The department further noted that there shouldn’t be blanket generalization simply based on the means people used to arrive in South Africa.
“While we note those challenges, we can never say it’s justified for a person to make sweeping generalizations about criminality or even about the integrity of a certain people based on how or the type of movement they used coming into the country.”
Anti-xenophobia groups have also blamed him for the recent attacks on foreign-owned properties by residents of Rosettenville.

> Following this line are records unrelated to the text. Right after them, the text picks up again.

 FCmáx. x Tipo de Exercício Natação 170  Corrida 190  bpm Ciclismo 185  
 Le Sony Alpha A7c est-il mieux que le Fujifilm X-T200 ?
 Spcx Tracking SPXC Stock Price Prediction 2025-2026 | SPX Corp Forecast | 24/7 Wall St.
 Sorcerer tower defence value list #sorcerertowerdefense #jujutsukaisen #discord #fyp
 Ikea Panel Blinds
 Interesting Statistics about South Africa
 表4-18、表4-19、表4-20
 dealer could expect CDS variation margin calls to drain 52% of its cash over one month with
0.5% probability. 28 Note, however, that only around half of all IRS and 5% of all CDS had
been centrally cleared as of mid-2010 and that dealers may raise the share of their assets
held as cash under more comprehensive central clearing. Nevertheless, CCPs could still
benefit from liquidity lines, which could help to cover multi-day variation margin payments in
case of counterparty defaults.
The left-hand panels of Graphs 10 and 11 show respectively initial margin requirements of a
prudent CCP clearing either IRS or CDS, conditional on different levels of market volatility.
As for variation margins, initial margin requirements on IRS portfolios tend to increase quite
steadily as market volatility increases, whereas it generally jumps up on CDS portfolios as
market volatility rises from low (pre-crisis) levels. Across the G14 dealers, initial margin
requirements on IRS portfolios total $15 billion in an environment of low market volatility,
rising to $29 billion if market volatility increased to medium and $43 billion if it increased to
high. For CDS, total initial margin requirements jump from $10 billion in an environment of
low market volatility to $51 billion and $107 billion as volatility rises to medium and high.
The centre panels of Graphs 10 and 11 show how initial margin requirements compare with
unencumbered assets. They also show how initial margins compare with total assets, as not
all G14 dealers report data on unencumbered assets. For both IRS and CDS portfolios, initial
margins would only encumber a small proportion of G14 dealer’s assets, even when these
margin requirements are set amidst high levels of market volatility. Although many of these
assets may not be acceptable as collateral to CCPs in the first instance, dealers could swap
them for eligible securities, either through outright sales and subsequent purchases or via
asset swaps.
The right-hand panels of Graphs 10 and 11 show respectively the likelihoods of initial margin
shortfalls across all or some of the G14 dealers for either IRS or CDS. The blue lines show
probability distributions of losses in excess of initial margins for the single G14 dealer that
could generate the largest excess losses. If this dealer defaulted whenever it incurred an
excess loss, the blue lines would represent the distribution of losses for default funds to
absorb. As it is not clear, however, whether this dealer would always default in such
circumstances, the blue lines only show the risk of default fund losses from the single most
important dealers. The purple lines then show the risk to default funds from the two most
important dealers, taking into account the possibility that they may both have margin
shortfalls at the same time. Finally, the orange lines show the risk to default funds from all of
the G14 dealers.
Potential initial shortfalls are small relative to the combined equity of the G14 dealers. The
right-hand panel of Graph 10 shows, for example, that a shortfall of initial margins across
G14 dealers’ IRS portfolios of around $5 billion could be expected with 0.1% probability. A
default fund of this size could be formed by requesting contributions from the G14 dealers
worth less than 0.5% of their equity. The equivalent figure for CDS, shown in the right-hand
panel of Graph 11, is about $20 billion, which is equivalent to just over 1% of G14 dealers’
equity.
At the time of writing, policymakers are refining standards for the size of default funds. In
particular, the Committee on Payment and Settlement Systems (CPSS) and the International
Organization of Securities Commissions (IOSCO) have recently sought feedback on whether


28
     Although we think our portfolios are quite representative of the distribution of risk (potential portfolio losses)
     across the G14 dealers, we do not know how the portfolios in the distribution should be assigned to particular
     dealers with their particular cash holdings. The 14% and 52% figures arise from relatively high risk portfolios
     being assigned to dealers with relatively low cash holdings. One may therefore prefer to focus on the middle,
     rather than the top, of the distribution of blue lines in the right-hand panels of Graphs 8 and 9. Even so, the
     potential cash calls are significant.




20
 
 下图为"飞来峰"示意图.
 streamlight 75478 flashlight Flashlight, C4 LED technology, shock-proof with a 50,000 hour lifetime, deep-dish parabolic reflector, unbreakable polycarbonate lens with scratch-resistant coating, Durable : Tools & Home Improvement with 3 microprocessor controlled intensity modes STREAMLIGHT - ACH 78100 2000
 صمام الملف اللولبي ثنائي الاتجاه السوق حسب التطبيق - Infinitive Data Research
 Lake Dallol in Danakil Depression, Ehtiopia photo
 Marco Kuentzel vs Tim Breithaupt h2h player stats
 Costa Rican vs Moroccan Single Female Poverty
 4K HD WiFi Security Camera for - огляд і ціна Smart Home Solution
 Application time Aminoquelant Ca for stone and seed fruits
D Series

Several spaza shops and houses have been looted and torched in Rosettenville and Pretoria West by locals who claim they’re used as brothels and drug dens.
Nigerian government has even called on the African Union, (AU) to intervene urgently in the renewed xenophobic attacks on Nigerians and other Africans in South Africa.
The country’s Senior Special Assistant to the President on Foreign Affairs and Diaspora, asked the SA government to take decisive action against the attack which she described as unnecessary and a setback.
The Nigerian Community in South Africa led by M. Ikechukwu Anyene confirmed the attacks and looting of Nigerian-owned businesses in Pretoria West on Saturday.
The union condemned what it says are stereotypical views which claim its nationals are responsible for the crimes in the city.
Meanwhile, a group which calls itself as ‘Mamelodi Concerned Residents’ has maintained plans for a march against foreigners in Pretoria on Friday despite the Tshwane Metro Police Department (TMPD) rejecting their application.
The group said it would march to the Home Affairs Department to protest against government allowing immigrants into the country.
A leader of the Mamelodi Concerned Residents told Eyewitness News that they believe their democratic right to demonstrate is being violated and that the march will go ahead.